Alan Sepinwall wrote, "the breakdancing vampire gang was my favorite, but the whole episode was an absolute delight, all the way through to the show's latest cameo by another famous pop culture vampire, with Alexander Skarsgård back in his True Blood wardrobe for the concluding joke." Katie Rife of Vulture gave the episode a 4 star rating out of 5 and wrote, "Variations of this scenario have appeared during What We Do in the Shadowss six-season run Incorporating the premise of the cult classic The Warriors didn’t hurt, either. All of which is to say that I was thoroughly entertained by this week's episode, which had a lightness and silliness to it that is characteristic of this series at its best."
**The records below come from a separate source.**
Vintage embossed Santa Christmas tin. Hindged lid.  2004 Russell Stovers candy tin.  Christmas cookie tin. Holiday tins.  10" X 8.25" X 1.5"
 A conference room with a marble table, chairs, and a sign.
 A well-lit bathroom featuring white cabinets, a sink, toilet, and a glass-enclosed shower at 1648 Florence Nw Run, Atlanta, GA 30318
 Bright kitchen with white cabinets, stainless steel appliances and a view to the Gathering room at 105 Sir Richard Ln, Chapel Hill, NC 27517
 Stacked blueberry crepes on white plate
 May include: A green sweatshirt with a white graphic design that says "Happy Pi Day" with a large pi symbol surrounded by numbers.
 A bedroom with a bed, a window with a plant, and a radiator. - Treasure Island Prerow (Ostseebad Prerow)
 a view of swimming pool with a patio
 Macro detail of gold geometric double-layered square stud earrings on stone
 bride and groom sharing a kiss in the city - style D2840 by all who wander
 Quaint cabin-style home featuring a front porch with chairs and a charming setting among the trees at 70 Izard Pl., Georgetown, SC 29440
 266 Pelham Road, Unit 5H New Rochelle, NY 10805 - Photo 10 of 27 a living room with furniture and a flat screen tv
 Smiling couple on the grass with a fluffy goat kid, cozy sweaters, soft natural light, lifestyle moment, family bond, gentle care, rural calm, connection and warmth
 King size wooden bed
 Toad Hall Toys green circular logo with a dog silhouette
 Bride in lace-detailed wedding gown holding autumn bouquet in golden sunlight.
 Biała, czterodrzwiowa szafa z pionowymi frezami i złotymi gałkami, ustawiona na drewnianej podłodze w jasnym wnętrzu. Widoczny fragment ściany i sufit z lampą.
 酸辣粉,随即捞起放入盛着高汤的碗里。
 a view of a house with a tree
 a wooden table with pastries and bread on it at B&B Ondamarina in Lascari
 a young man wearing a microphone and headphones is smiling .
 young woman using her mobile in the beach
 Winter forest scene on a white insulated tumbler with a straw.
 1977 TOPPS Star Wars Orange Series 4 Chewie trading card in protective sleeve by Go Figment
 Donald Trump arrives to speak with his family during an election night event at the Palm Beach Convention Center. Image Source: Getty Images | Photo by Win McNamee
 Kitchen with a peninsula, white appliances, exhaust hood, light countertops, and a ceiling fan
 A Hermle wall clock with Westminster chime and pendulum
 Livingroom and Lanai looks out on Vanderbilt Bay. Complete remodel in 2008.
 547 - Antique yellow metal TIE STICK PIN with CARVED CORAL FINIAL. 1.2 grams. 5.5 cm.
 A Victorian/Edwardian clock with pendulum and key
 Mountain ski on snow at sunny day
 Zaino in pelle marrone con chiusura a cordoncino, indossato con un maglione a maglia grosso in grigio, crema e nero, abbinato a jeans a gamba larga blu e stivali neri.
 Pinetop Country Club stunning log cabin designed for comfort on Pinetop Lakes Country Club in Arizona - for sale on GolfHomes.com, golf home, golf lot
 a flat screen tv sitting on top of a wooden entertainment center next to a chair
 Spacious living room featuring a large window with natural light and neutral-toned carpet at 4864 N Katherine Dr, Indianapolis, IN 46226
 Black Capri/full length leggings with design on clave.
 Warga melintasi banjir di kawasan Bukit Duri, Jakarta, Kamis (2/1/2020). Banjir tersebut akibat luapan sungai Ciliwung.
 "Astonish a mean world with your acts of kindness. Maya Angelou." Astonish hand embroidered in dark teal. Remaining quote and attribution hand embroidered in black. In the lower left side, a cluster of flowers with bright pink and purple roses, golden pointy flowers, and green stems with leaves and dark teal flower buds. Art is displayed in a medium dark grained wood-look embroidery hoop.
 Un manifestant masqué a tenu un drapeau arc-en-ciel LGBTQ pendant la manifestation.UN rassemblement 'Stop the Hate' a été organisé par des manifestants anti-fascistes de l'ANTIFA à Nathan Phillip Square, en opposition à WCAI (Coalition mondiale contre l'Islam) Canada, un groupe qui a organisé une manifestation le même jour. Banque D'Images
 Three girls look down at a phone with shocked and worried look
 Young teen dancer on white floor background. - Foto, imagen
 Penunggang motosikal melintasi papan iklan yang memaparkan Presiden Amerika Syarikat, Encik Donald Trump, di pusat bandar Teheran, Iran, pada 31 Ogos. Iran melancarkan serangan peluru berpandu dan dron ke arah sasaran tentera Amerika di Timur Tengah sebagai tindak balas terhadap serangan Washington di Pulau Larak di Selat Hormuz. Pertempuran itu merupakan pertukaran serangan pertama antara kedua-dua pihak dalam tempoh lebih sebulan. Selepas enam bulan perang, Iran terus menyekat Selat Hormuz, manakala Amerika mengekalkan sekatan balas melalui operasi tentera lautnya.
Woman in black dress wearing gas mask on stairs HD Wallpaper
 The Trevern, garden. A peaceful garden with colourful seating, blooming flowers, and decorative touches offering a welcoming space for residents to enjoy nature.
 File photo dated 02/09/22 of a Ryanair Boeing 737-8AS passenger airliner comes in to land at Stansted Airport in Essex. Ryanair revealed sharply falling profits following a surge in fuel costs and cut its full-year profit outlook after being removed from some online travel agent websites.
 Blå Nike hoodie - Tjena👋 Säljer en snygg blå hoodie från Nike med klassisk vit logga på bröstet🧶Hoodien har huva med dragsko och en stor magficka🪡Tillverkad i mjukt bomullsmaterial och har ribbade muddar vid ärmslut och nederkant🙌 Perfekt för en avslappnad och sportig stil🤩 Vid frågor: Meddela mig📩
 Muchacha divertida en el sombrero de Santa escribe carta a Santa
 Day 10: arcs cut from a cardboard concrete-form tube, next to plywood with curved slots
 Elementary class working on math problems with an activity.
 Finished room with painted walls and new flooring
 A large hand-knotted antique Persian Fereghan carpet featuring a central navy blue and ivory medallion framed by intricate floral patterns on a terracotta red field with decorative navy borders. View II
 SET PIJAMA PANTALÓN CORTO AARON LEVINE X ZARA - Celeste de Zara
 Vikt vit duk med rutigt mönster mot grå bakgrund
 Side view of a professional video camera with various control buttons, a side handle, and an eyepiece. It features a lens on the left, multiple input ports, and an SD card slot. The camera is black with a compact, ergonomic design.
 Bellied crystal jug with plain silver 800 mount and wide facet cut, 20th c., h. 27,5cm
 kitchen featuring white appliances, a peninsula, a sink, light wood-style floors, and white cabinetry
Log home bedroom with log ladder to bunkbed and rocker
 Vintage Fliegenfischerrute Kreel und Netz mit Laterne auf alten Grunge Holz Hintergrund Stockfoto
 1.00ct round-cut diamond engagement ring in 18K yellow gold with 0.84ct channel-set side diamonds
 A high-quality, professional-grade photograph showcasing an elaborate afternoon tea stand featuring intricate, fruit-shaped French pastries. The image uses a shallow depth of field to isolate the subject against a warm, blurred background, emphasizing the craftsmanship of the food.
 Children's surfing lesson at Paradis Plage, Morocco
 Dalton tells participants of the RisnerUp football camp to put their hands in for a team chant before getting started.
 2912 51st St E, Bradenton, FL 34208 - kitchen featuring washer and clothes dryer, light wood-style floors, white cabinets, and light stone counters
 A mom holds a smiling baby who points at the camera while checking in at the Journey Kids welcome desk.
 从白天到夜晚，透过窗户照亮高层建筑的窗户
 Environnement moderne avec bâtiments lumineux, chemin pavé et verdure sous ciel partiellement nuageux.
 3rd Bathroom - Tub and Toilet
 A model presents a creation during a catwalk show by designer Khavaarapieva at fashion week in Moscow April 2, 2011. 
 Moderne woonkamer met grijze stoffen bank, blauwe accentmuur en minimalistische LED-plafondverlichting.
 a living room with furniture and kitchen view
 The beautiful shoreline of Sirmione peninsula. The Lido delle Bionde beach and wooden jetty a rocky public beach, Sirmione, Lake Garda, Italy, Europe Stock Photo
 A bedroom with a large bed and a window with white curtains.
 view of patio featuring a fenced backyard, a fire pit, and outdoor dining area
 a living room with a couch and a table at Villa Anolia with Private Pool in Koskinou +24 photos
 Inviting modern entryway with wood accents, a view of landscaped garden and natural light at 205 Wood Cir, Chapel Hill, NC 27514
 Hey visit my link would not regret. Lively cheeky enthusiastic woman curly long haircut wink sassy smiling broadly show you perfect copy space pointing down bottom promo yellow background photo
Myles McNutt of Episodic Medium and wrote "I am very much in awe of 'Come Out and Play', which takes one very simple, very silly idea and gives it the full WWDITS treatment, combing the show's three main comic modes: visual, verbal, and character-driven. The editing is snappy. The special effects are dazzling. There are slapstick gags galore. There's a lot of casually funny lines, thrown away in background chatter, as is the Shadows way." Melody McCune of Telltale TV gave the episode a 4 star rating out of 5, and wrote "What We Do in the Shadows Season 6 Episode 9, 'Come Out and Play', is the show's best episode of the season thus far, featuring plenty of action, humor, and heart. The ensemble cast also fires on all comedic cylinders. It's a welcome uptick (along with last week's fare) in a somewhat rocky final season."